Tomorrow (5 April) is the last day for former users of contractor loan schemes to either repay their loans or notify their liability to HMRC. Otherwise, they will have to pay the disguised remuneration loan charge introduced to penalise historical employment-related loans still outstanding on 5 April, even for those arrangements made long ago as 1999.

According to HMRC, paying the loan charge after it arises will usually cost more than settling beforehand, because it imposes the whole tax liability in a single year. Many individuals have come forward voluntarily to settle their outstanding cases, and HMRC says those affected can still benefit from its published settlement terms if they contact HMRC with a genuine intent to settle and provide the relevant information before 5 April, even if settlement cannot be reached until after that date.

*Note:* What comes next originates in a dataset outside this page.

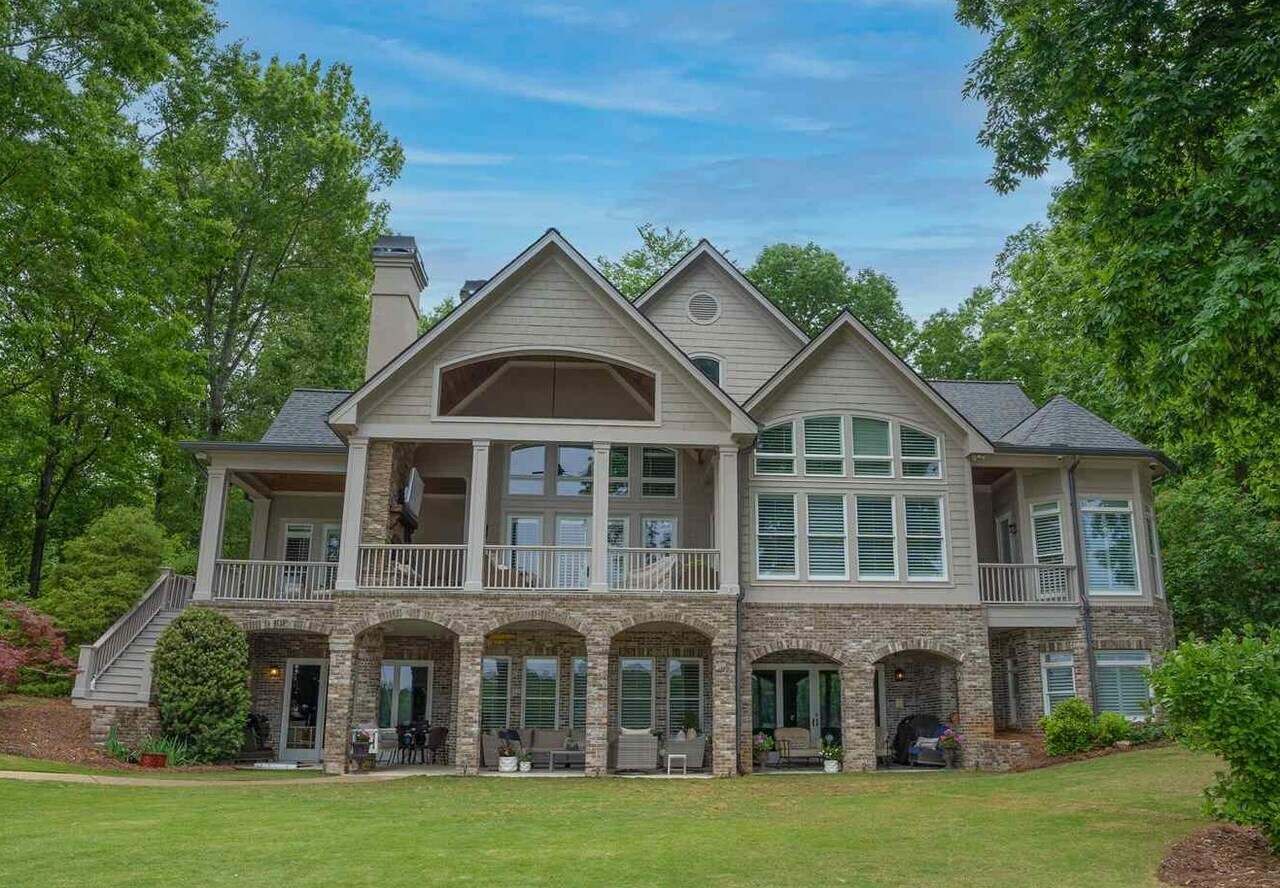 Property Photo:  1050 Hounds Ear Road  GA 30642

'HMRC wants to do all that it can to help people get out of avoidance for good', it said. 'We are appealing to those who haven’t come forward to settle their disguised remuneration debts to do so now and send us the required information by no later than 5 April. We have a range of flexible payment options to consider, and no option will require you to sell your main home to pay off your debt.'

Payments can be spread over a number of years for taxpayers earning less than GBP50,000 a year. However, a large number of those affected are now retired, with incomes far too low to repay the sums involved without selling assets at some point. Those who do not settle must submit an information return to HMRC, setting out their loan balance by 30 September 2019. They will have to pay the loan charge by 31 January 2020.

Some might have the option of repaying the loans to the employers that provided them, and HMRC can also pursue these companies to pay the tax they consider is owed. But many such companies no longer exist, or are not UK-resident. Employers who do still exist will need to calculate the tax liability and pay HMRC by 22 April 2019.

HMRC is expanding its Needs Extra Support service to provide help to individuals who cannot pay the loan charge. It has set up a dedicated helpline and redeployed staff to support scheme users.

The charge is expected to affect about 50,000 ex-contractors, thousands of whom are backing a judicial review challenge to the policy on the grounds of a breach of human rights to their property, and its retrospective nature.

HMRC says that many trustees of both UK and non-UK trusts are likely to be affected by this legislation as they will be considered to be third parties for the purposes of the loan charge.